[R-sig-ME] New Variant of Same Question: bias corrected logit estimates

Fri Apr 12 22:28:28 CEST 2013

Paul Johnson <pauljohn32 at ...> writes:

> 
> Dear R-sig-mixed:
> 
> I was struck today by the way the Internet has accelerated research.
> At one time, it might have taken a month or two to track down the
> articles on this problem and conclude I need to ask for advice. Now,
> however, I realize the need within hours.
> 
> Recall the question that started us debating a few days ago was a
> logistic regression in which OP noticed the mis-match between the
> predicted probability of success and the observed fraction.  We were
> debating that, and it had completely slipped my mind that there is a
> separate literature on exactly that kind of problem. Yesterday,
> somebody else asked me to estimate a logit model in which there were
> more than 40000 cases but only a few hundred "successes". That's what
> reminded me of the "rare events" problem and logistic regression
> parameter estimate bias.
> 
> And I think that's the issue that we need to clear up with glmer. What
> do you think?
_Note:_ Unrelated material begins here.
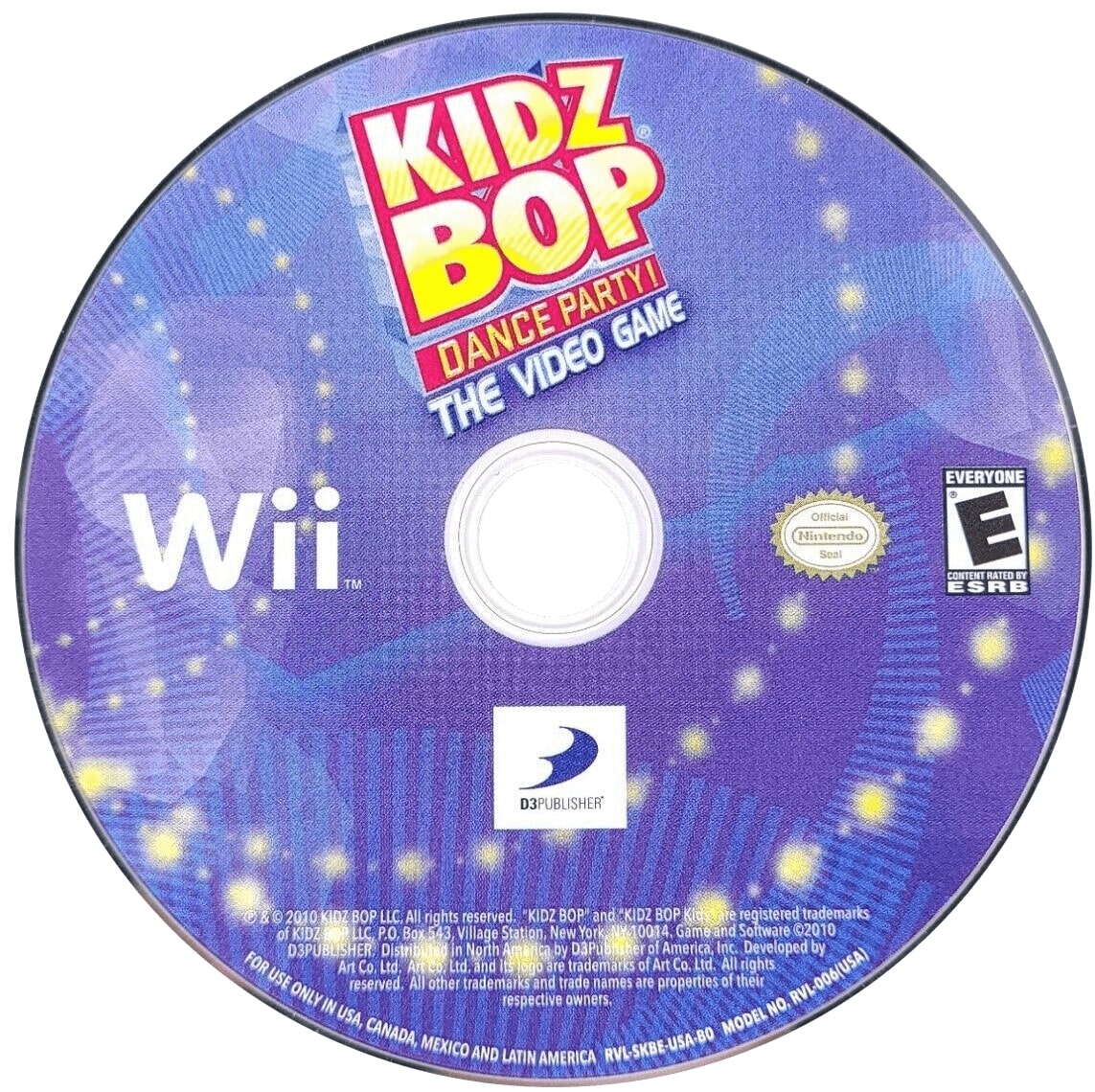 Kidz Bop Dance Party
Since multilevel model can be seen as a penalized ML
> estimation (ala Pinheiro and Bates, or as explained in Simon Wood,
> Generalized Additive Models), are we able to get a bias-corrected
> variant?

  I don't really know the answer to the full question, but I would
venture this:

  * There is no explicit bias-reduction capacity built into the
fixed-effects estimation component of glmer
 * I'm aware of Firth's algorithm and have used the R implementations
but haven't read the paper/don't know the details
 * glmer does handle some of the typical problems with 'rare events'
by doing shrinkage across random effects, but if the events are
rare in the *entire* data set (and not just in individual/small/
undersample regions), I don't think that will help
 * Vince Dorie and Andrew Gelman's blme package, or Jarrod Hadfield's
MCMCglmm package, could be used with more or less informative priors
to achieve a degree of shrinkage.

  I don't know whether there's a clever way to adapt glmer
itself to do shrinkage/bias correction on a single sample.

  Hopefully others with more knowledge will chime in.